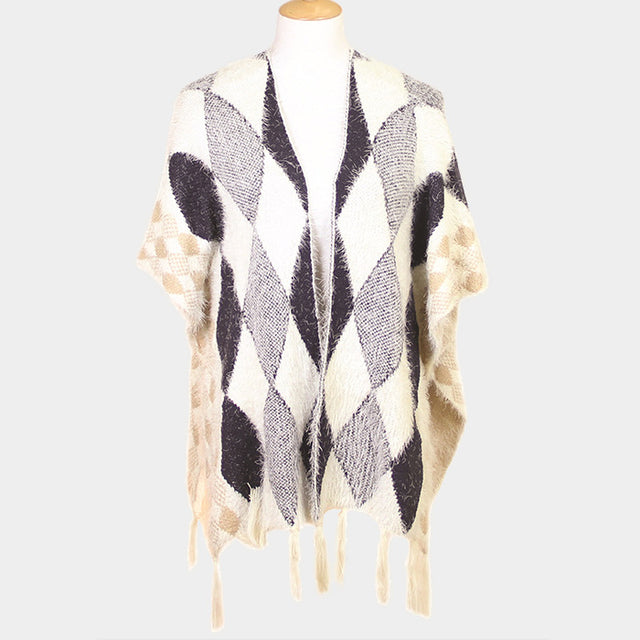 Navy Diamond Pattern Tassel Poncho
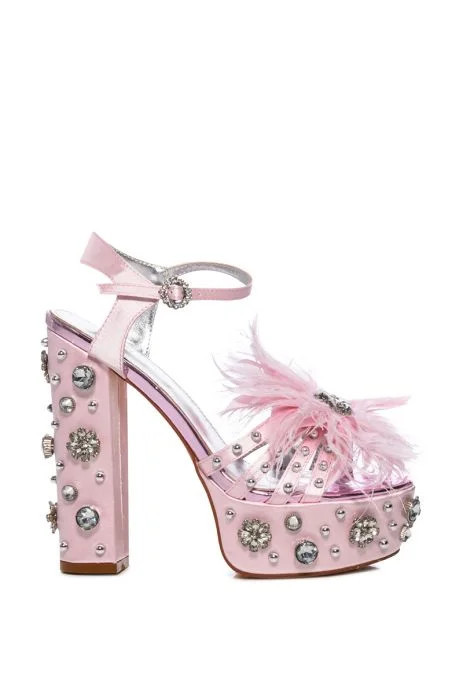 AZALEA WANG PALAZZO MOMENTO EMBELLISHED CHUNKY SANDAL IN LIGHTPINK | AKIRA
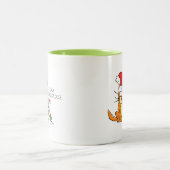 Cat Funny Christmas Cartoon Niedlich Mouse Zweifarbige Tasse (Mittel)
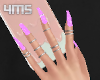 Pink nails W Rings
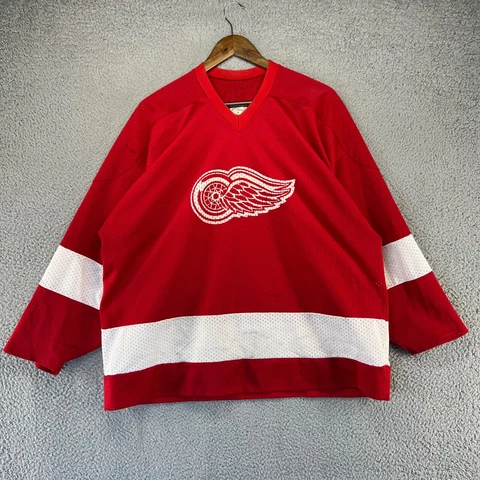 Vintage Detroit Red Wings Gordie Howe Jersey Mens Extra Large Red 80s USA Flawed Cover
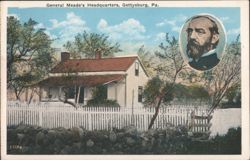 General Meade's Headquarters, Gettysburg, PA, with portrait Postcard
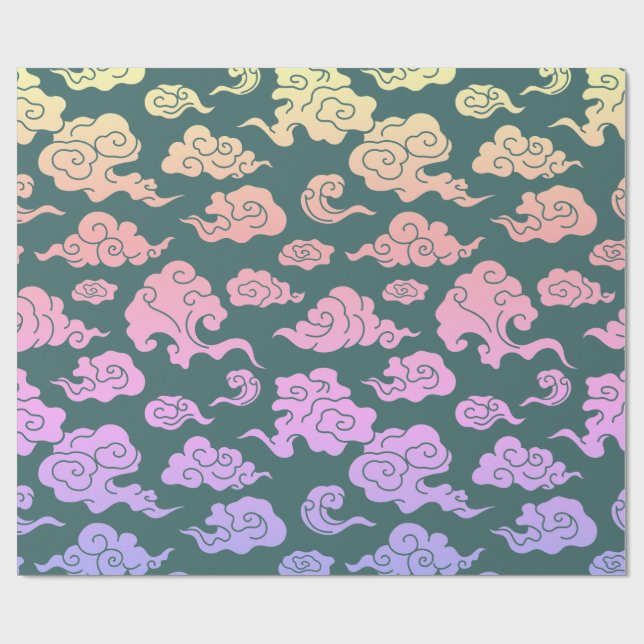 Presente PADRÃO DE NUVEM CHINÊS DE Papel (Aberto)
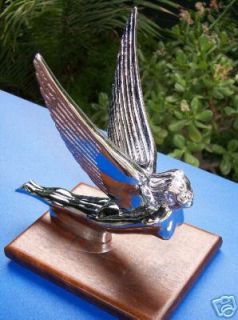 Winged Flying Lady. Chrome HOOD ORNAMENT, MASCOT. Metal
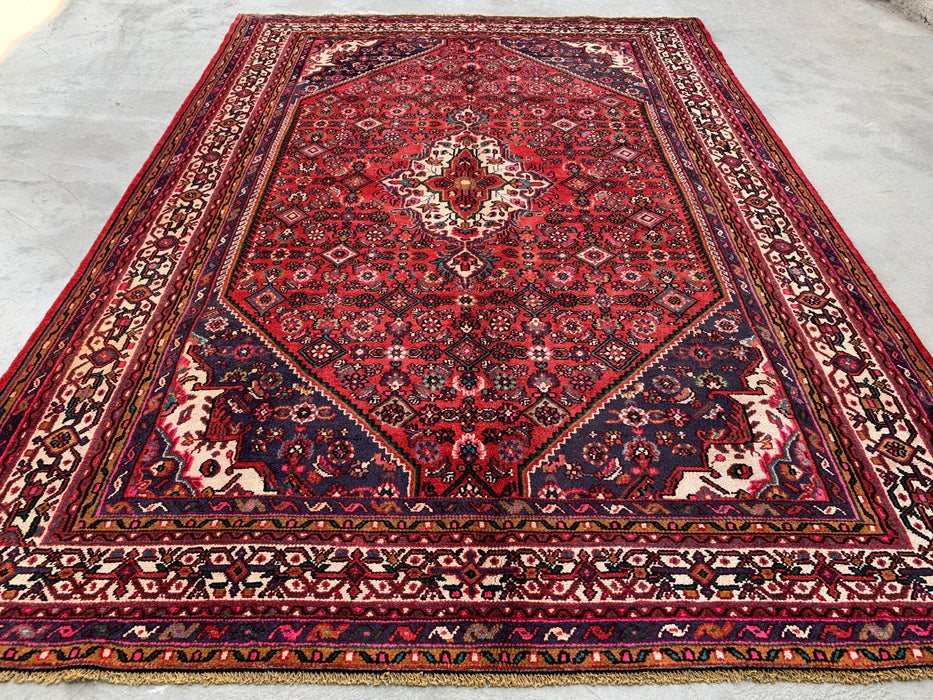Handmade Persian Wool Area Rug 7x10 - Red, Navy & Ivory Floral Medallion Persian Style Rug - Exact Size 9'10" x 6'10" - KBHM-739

__________

Only the text of the records belongs in the answer, printed exactly and without pictures.

ANSWER:
 Navy Diamond Pattern Tassel Poncho
 AZALEA WANG PALAZZO MOMENTO EMBELLISHED CHUNKY SANDAL IN LIGHTPINK | AKIRA
 Cat Funny Christmas Cartoon Niedlich Mouse Zweifarbige Tasse (Mittel)
 Pink nails W Rings
 Vintage Detroit Red Wings Gordie Howe Jersey Mens Extra Large Red 80s USA Flawed Cover
 General Meade's Headquarters, Gettysburg, PA, with portrait Postcard
 Presente PADRÃO DE NUVEM CHINÊS DE Papel (Aberto)
 Winged Flying Lady. Chrome HOOD ORNAMENT, MASCOT. Metal
Handmade Persian Wool Area Rug 7x10 - Red, Navy & Ivory Floral Medallion Persian Style Rug - Exact Size 9'10" x 6'10" - KBHM-739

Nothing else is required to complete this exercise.